At the Amari air base in Estonia, NATO Secretary General Jens Stoltenberg said alliance fighters have intercepted planes more than 100 times in the region so far this year, a threefold increase on 2013. But he didn't say how many of them were Russian.
Stoltenberg said the alliance "should stay vigilant" because Russia has increased its military air activity in the Black Sea and Norwegian Sea, as well as the Baltic area, even though most of the flights occurred in international airspace.
He said NATO aircraft have conducted 400 intercepts to protect the airspace of European alliance members — an increase of 50 percent from last year.
"It's a pattern we haven't seen for many years and which should remind us of the way they (Russians) conducted this kind of military air activity in the time of the Cold War," Stoltenberg said.
At a joint news conference with Estonian Prime Minister Taavi Roivas, Stoltenberg said NATO is "ready to react when needed."
Roivas said, "Russia's actions in and around Ukraine have been very aggressive. They act as a very powerful wake-up call."
After being forcibly annexed by the Soviet Union in 1940, then again from 1944 to 1991, Estonia and the other two Baltic countries — Latvia and Lithuania — have viewed Russia's annexing of Crimea and backing of rebels fighting in nearby eastern Ukraine with trepidation. These countries also have voiced concern about Russia's military presence in their region.
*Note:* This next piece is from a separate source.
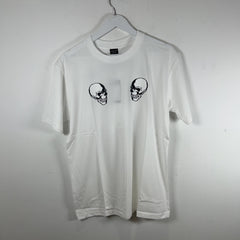 Number (N)ine 'Double Skull' T-Shirt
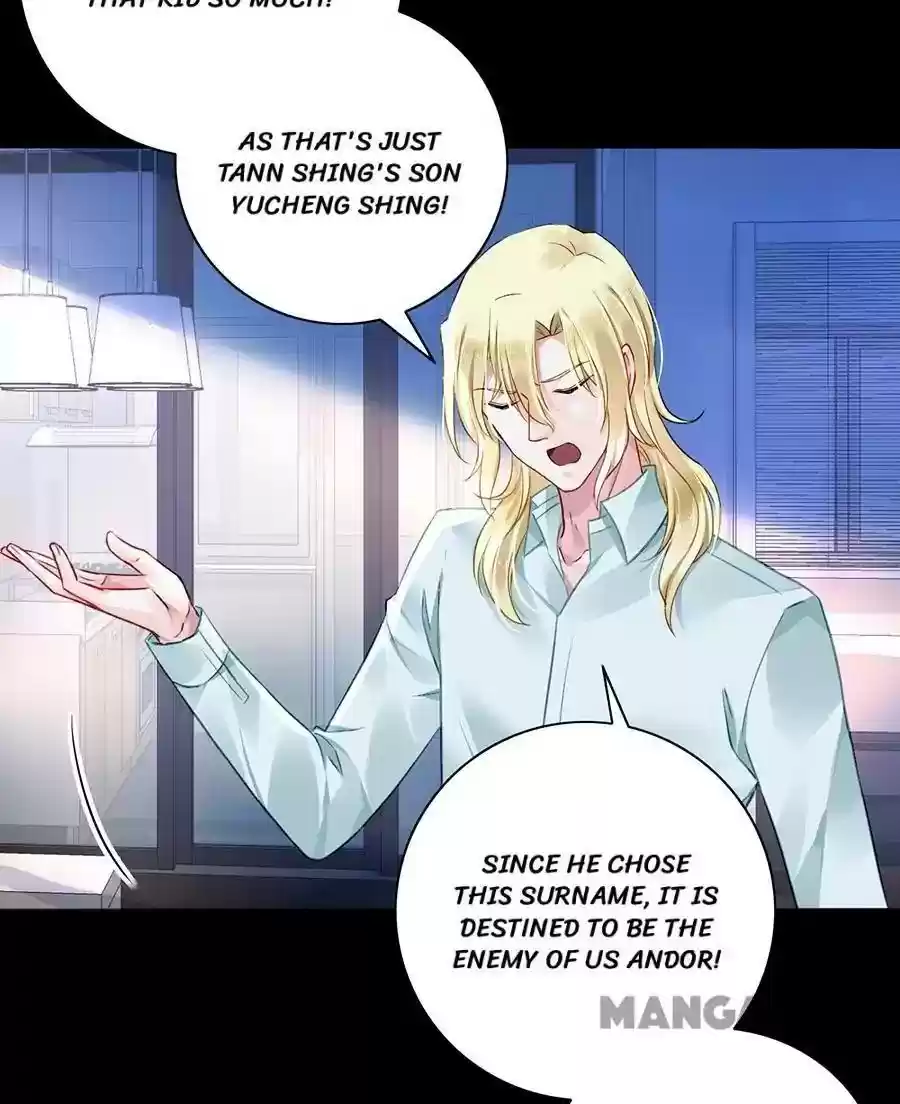 The Deserted Woman Chapter 102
NATO has stepped up its air, land and sea rotations in the Baltic countries and raised the number of fighter jets patrolling the region from four to 16.
In September, President Barack Obama said during a visit to Tallinn that he would send more air force units and aircraft to the Baltics, including the Amari Air Base.
NATO says it regularly launches jets to identify "unknown or potentially hostile aircraft" in the proximity of national airspace in the region.
In March, a Scandinavian Airlines passenger jet taking off from Copenhagen Airport nearly collided with a Russian Ilyushin-20 surveillance aircraft. Swedish investigators said the incident occurred in international airspace but that the Russian plane came within 100 meters (300 feet) of the SAS passenger plane and was flying without transponders.
Stoltenberg said Russian aircraft are posing " a risk to normal air traffic."